### DIRECTIONS
Scanning the entries below, copy every line that contains the word "especially".

═══

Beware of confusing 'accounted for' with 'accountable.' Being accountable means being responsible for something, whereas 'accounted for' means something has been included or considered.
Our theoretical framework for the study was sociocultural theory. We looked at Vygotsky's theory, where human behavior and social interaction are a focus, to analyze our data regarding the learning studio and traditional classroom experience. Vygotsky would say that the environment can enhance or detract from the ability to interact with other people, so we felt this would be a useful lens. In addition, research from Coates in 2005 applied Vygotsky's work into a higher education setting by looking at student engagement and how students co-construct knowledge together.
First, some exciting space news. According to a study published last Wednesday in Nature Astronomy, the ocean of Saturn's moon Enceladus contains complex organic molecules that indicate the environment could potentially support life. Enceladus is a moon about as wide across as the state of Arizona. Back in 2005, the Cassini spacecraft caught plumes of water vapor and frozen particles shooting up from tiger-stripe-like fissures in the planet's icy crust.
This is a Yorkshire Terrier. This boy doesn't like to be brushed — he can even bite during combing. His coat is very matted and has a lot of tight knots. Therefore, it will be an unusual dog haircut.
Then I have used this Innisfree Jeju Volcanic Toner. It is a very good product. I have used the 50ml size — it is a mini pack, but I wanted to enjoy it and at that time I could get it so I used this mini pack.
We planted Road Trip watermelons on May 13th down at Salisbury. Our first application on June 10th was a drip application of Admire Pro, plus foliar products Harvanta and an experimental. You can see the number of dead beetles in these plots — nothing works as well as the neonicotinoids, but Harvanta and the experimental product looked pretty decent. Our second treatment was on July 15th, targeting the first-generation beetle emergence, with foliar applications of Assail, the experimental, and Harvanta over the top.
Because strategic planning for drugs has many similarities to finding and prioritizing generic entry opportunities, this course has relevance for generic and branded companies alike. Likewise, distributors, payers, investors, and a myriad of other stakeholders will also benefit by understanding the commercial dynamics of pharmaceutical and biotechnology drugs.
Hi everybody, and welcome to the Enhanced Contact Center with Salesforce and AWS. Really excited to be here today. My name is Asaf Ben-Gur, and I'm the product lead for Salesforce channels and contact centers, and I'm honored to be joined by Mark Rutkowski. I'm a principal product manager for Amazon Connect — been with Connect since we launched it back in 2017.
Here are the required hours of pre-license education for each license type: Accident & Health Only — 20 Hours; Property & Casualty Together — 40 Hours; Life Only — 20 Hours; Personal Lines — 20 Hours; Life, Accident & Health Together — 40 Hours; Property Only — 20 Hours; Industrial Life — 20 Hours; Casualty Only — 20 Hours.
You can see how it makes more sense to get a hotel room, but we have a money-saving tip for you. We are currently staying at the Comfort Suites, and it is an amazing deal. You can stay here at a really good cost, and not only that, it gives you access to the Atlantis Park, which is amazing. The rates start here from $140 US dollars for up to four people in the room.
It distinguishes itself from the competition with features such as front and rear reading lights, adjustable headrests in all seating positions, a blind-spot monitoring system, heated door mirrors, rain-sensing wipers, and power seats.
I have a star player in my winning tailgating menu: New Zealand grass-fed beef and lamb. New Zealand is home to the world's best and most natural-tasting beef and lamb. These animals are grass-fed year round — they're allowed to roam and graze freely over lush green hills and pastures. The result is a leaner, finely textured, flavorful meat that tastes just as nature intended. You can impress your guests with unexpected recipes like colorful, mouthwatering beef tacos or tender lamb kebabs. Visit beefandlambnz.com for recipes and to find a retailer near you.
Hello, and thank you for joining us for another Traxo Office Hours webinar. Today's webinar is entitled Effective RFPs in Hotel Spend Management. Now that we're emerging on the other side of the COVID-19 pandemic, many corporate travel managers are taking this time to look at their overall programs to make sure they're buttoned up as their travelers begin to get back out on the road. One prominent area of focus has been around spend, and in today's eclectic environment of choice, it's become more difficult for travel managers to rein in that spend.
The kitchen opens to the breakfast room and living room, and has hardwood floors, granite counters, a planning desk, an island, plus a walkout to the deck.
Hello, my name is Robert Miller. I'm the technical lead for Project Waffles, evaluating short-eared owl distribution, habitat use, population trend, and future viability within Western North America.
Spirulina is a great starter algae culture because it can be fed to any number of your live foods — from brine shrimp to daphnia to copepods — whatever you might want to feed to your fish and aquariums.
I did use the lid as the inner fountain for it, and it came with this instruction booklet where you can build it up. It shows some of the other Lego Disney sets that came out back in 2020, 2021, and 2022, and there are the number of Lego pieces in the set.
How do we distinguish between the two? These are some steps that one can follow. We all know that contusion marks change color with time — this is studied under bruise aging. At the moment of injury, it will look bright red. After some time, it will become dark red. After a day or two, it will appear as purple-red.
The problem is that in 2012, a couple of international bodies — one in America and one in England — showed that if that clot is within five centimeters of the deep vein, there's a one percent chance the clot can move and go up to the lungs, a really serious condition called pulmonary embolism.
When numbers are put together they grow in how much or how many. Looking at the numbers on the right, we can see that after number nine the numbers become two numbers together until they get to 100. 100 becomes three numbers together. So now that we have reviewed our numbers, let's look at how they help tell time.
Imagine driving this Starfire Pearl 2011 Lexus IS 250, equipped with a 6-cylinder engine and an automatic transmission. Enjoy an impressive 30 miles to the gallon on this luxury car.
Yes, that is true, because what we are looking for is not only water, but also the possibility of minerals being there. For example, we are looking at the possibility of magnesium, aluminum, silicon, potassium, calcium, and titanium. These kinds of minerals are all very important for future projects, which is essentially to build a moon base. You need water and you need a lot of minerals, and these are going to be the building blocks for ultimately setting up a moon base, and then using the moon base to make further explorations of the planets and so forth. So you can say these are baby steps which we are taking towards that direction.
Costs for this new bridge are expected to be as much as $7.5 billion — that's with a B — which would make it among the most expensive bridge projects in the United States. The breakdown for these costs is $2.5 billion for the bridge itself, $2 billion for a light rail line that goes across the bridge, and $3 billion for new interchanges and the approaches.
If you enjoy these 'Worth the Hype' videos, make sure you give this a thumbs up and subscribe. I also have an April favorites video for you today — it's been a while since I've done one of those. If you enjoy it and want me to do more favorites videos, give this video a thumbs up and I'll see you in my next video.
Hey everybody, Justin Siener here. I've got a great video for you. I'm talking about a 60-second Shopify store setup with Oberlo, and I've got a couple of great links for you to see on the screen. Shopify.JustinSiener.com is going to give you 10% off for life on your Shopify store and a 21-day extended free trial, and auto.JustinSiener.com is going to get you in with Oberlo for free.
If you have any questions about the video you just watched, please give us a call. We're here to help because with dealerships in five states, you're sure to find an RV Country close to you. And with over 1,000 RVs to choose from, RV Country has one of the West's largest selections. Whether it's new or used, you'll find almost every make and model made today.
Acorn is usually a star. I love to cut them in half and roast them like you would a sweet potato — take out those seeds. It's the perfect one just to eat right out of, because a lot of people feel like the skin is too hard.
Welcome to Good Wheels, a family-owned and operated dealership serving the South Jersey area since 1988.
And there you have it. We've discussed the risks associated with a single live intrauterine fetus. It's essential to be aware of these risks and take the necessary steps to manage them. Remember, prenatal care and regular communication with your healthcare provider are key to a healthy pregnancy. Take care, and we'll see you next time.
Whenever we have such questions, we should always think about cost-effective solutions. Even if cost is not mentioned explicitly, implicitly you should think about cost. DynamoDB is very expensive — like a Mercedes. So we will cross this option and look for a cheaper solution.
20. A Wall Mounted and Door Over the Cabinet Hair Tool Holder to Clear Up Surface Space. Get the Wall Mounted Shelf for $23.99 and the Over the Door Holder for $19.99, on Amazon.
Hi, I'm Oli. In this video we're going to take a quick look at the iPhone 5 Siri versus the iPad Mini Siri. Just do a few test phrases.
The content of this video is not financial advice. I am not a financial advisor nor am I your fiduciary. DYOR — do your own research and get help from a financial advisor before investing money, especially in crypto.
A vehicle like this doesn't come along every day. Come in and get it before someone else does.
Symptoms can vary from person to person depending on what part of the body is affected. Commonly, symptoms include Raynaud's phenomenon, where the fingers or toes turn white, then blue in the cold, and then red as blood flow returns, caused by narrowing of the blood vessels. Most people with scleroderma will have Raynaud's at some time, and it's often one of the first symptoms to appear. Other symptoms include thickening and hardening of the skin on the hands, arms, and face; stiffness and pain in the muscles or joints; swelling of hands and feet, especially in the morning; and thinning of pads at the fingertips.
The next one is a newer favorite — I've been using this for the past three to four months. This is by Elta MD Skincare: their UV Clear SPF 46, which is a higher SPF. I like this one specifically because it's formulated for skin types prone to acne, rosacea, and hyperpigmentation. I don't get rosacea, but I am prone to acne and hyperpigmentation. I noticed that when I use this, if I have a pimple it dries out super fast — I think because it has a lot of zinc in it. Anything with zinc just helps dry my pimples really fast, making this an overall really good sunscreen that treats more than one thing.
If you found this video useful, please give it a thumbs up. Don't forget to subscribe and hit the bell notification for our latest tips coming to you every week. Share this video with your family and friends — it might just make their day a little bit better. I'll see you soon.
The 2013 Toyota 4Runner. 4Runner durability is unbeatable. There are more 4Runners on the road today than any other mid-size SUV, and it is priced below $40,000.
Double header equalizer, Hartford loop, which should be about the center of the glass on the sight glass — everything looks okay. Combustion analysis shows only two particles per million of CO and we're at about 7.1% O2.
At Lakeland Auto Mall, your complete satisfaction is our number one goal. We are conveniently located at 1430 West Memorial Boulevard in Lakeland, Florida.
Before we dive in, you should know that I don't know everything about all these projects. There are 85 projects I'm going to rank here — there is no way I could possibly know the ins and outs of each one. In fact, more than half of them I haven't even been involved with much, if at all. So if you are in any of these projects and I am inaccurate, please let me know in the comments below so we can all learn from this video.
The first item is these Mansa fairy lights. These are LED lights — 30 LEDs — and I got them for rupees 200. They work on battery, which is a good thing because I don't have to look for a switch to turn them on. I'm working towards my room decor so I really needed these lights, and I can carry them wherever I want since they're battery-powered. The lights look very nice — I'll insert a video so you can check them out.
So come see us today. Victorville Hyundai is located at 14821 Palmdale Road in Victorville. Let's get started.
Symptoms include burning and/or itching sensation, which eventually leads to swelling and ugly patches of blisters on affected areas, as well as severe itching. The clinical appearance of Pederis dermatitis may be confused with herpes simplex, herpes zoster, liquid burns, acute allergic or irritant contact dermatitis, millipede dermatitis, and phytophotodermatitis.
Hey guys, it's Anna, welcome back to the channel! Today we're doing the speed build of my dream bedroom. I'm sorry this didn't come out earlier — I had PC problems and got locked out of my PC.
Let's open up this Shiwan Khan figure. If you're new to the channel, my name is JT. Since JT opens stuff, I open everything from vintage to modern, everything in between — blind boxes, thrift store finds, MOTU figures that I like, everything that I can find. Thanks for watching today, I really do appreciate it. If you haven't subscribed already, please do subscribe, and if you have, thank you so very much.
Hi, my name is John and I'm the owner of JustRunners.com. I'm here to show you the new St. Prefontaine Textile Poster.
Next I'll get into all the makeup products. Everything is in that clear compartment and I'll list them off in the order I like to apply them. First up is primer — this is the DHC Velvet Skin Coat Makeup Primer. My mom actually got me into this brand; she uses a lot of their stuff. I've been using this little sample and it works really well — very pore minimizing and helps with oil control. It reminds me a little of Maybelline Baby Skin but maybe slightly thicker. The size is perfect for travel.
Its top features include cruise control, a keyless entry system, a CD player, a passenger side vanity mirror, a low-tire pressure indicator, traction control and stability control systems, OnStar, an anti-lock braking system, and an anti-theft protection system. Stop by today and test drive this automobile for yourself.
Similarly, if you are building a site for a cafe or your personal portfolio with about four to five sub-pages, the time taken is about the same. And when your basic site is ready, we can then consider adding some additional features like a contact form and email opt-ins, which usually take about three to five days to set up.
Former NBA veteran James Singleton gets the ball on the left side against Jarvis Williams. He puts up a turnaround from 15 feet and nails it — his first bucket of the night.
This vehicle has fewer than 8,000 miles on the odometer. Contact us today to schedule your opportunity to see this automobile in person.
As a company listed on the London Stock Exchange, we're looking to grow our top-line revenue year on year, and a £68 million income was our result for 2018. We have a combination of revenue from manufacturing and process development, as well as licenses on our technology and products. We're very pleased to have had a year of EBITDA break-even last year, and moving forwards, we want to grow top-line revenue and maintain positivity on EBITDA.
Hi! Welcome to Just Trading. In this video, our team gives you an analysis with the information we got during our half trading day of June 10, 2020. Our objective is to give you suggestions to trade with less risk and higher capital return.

═══

### RESULT
The content of this video is not financial advice. I am not a financial advisor nor am I your fiduciary. DYOR — do your own research and get help from a financial advisor before investing money, especially in crypto.
Symptoms can vary from person to person depending on what part of the body is affected. Commonly, symptoms include Raynaud's phenomenon, where the fingers or toes turn white, then blue in the cold, and then red as blood flow returns, caused by narrowing of the blood vessels. Most people with scleroderma will have Raynaud's at some time, and it's often one of the first symptoms to appear. Other symptoms include thickening and hardening of the skin on the hands, arms, and face; stiffness and pain in the muscles or joints; swelling of hands and feet, especially in the morning; and thinning of pads at the fingertips.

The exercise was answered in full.